Halloween in the UK this year has seen a higher degree of debate about the history and transmission of the festival than I can recall from previous years. In particular there's been an attempt to trace its transatlantic migrations more accurately than the knee-jerk 'it's an American festival' of some of the tabloids.
I'm also struck by the extent to which some older local formulations seem to be reappearing in discussions of the chaos around Halloween. In a report on home repairs after Halloween pranks, Santander General Insurance refer to the damage done during 'mischief week'. (They reckon nearly a quarter of British households have experienced damage, which may be why my local council is enforcing a ban on selling flour and eggs to under-18s for the duration).
But, of course, the real meaning of Halloween is the Contemporary Legend ... I'm delighted to see a return of the 'doctored Halloween treat' story, with this report that LA County Police are warning parents of an increasing number of marijuana-laced treats. (This is a difficult legend, because of the hideous ostension attached to it historically).

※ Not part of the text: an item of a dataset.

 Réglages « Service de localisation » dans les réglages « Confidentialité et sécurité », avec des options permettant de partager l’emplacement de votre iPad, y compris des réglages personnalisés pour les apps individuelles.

In the story linked to here, I particularly like the vagueness about the products themselves. LA County Director Public Health Jonathan Fielding has apparently said they are a risk 'because of the lack of information regarding their manufacture', while the story recommends detecting them 'by smell'.
The real pointer to the legendary character of this report, though, comes in this succinct statement: 'Although the Sheriff's Department has never received a report of laced Halloween treats being distributed, it is nevertheless warning parents about this new potential threat.' You have been warned.